Your goal
Restate the following entries exactly. Keep the pictures out.

Supplied information
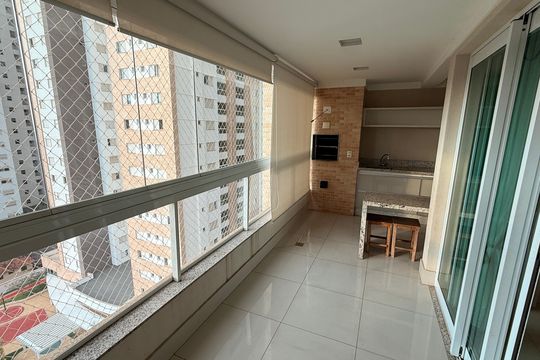 Sacada de apartamento para alugar com 4 quartos, 140m² em Setor Bueno, Goiânia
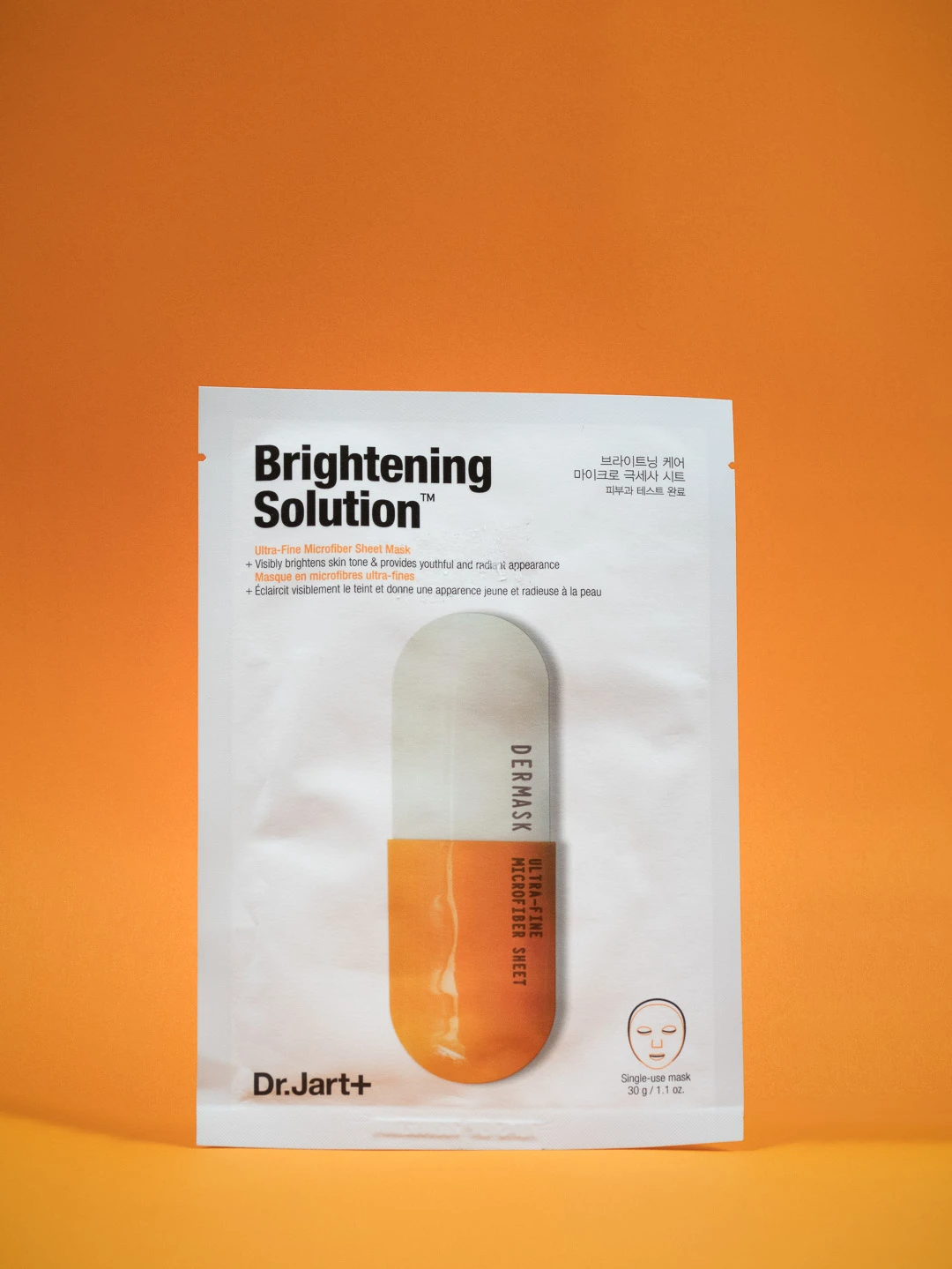 Dermask Micro Jet Brightening Solution Sheet Mask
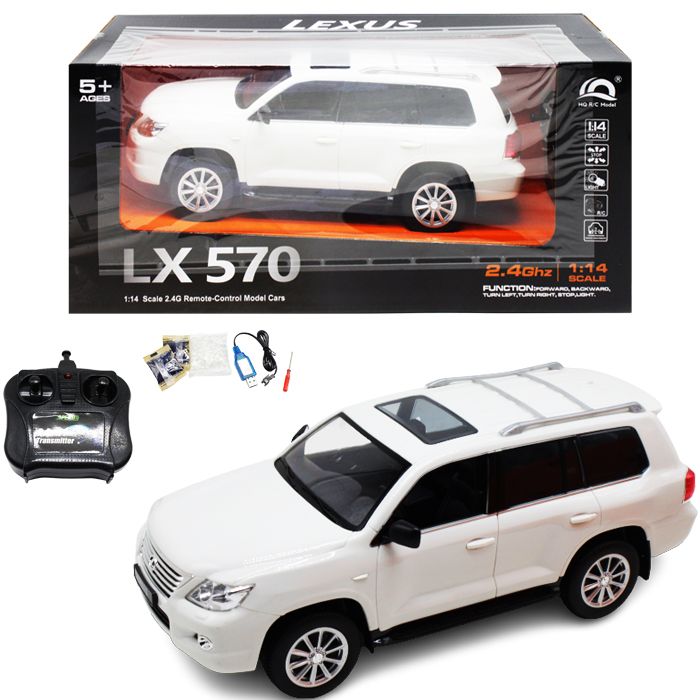 

Джип на радиоуправлении Lexus белый MiC (HQ200125) (175343)
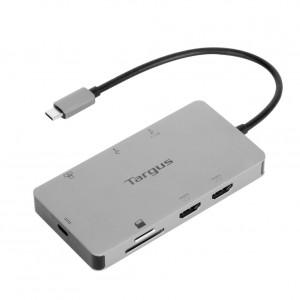 Targus USB-C Docking Station - Dual 4k HDMI - 100W PD Pass-Thru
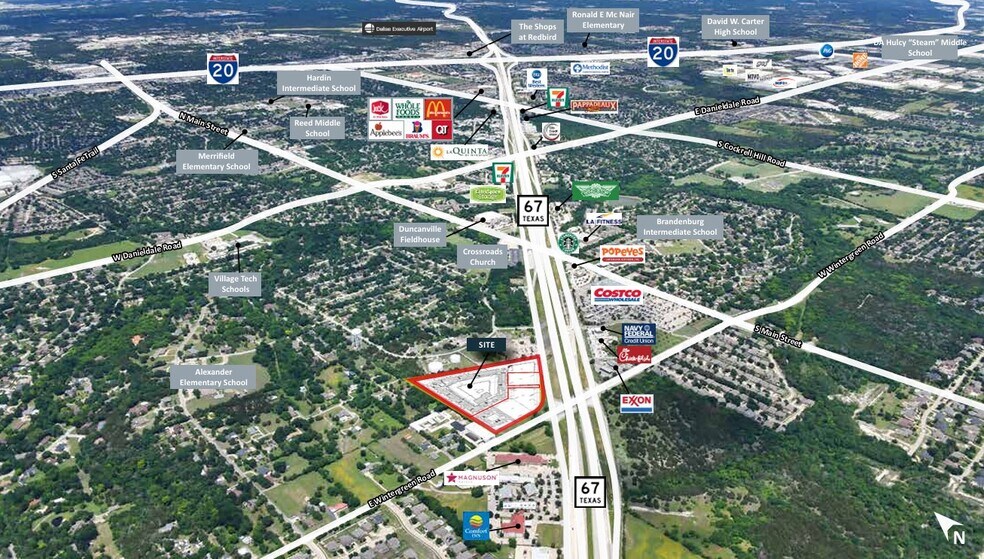 Primary Photo Of 1497 N J Elmer Weaver Fwy, Cedar Hill Land For Sale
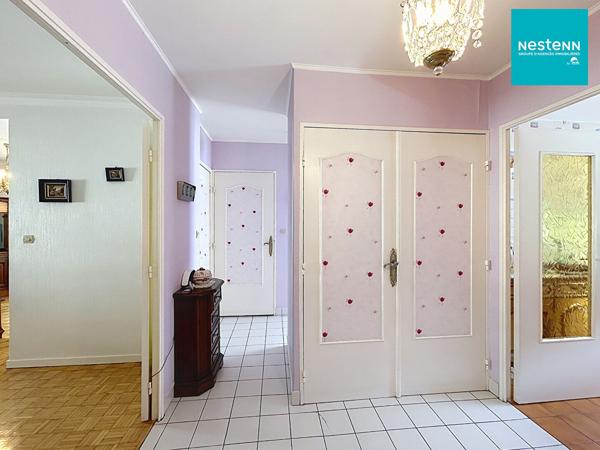 Appartement T3 - 67,70 m²- Avec balcon, garage et cave ? Quartier Bellevue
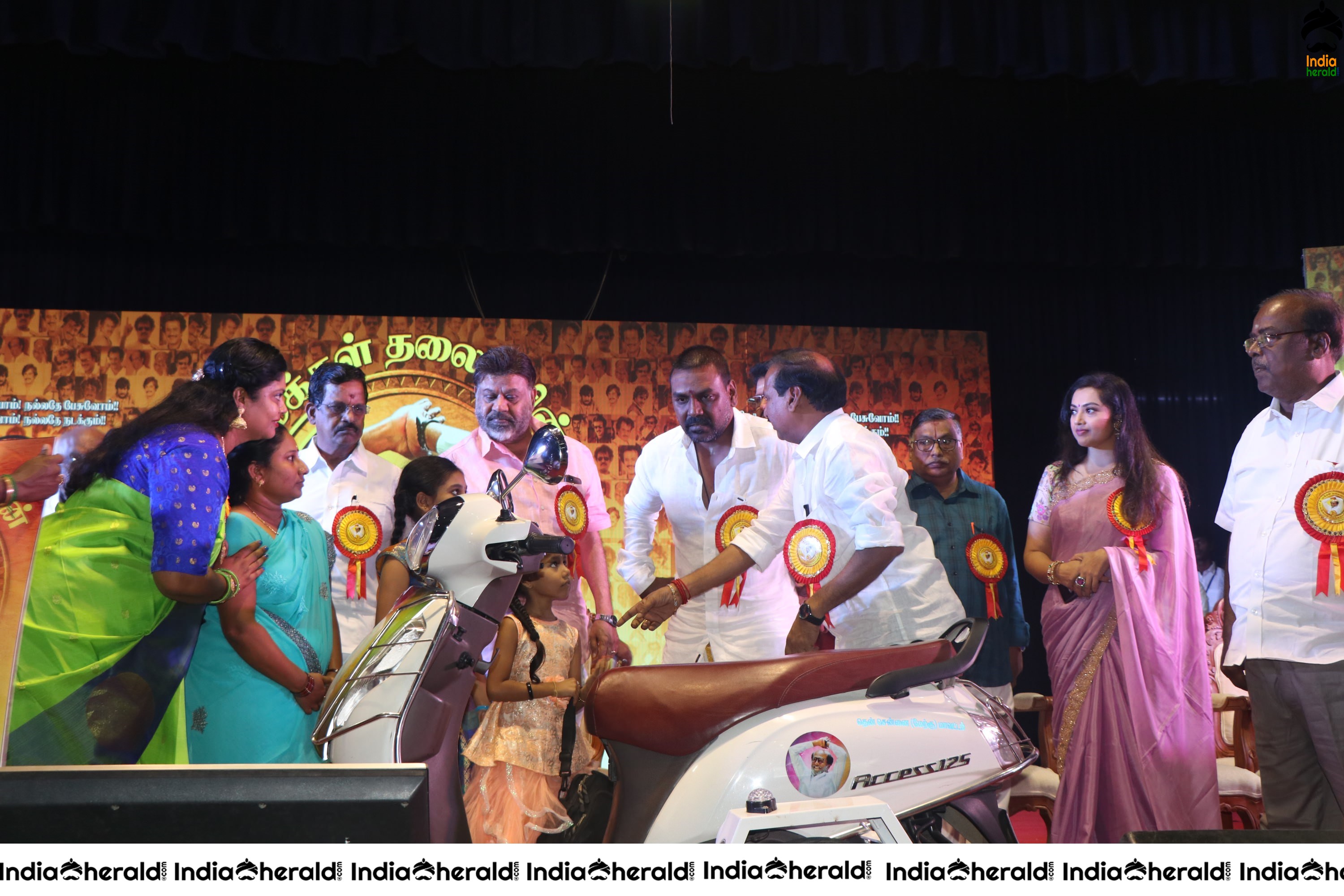 Super Star Rajinikanth 70th Birthday Celebration Photos Set 1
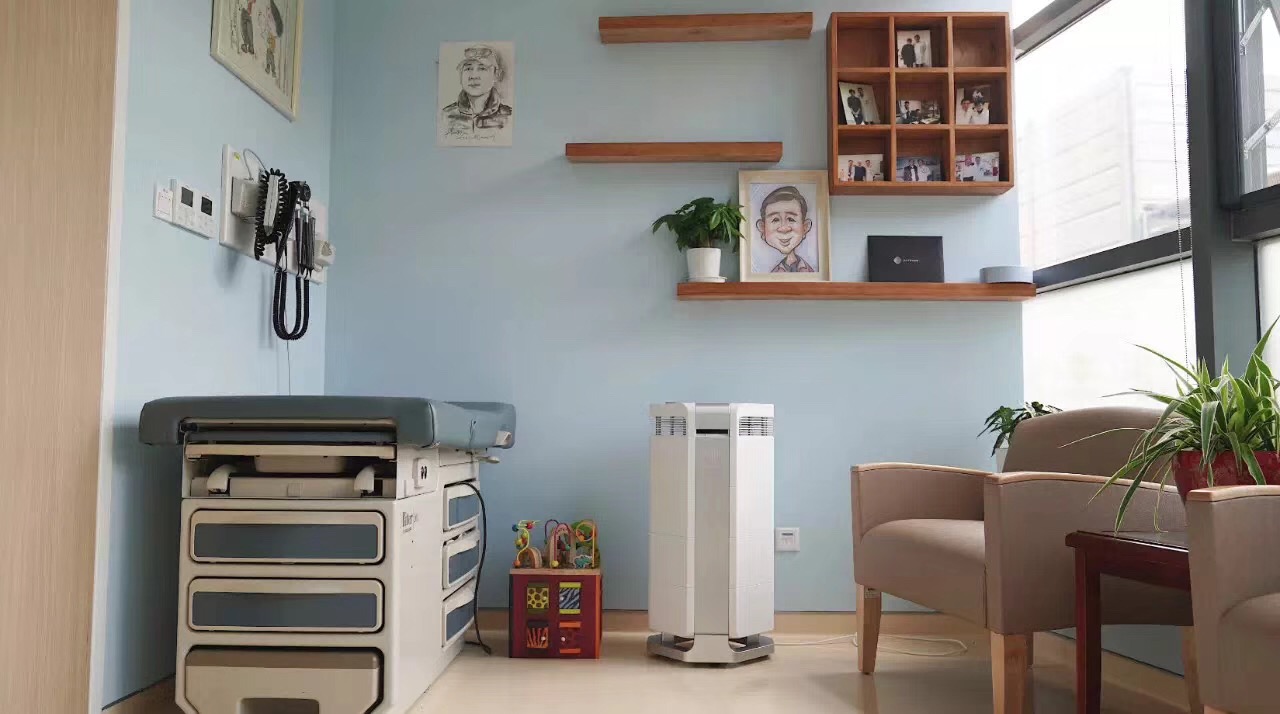 Máy lọc không khí cho bệnh viện - Airproce AI-600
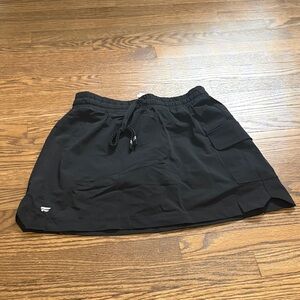 NWT Fabletics Black Mini Skirt Size Small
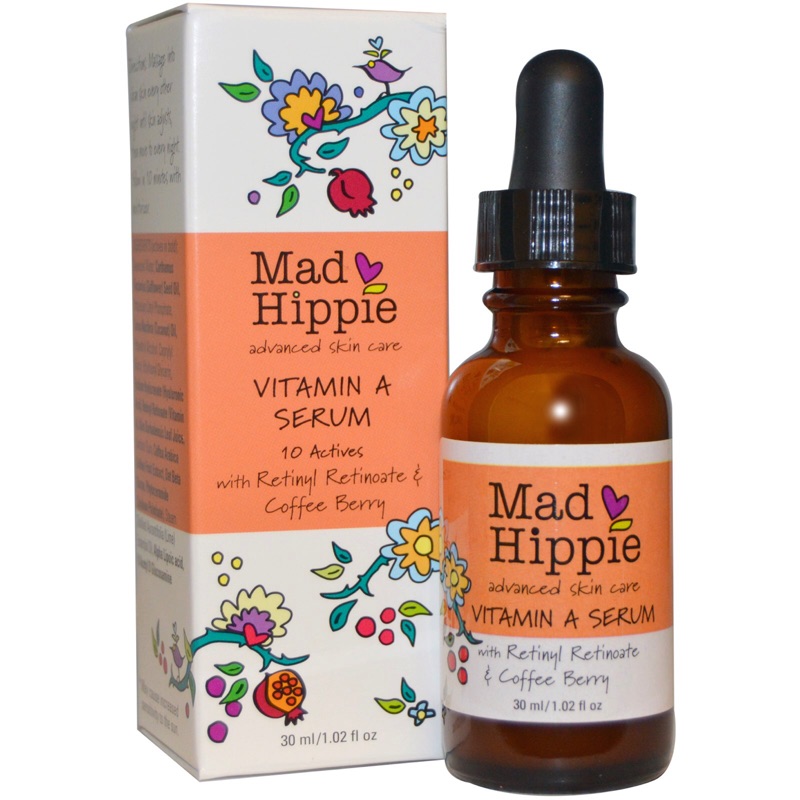 現貨美國帶回 Mad Hippie HPR維生素A10 精華 30mL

Solution to the problem
 Sacada de apartamento para alugar com 4 quartos, 140m² em Setor Bueno, Goiânia
 Dermask Micro Jet Brightening Solution Sheet Mask

Джип на радиоуправлении Lexus белый MiC (HQ200125) (175343)
 Targus USB-C Docking Station - Dual 4k HDMI - 100W PD Pass-Thru
 Primary Photo Of 1497 N J Elmer Weaver Fwy, Cedar Hill Land For Sale
 Appartement T3 - 67,70 m²- Avec balcon, garage et cave ? Quartier Bellevue
 Super Star Rajinikanth 70th Birthday Celebration Photos Set 1
 Máy lọc không khí cho bệnh viện - Airproce AI-600
 NWT Fabletics Black Mini Skirt Size Small
 現貨美國帶回 Mad Hippie HPR維生素A10 精華 30mL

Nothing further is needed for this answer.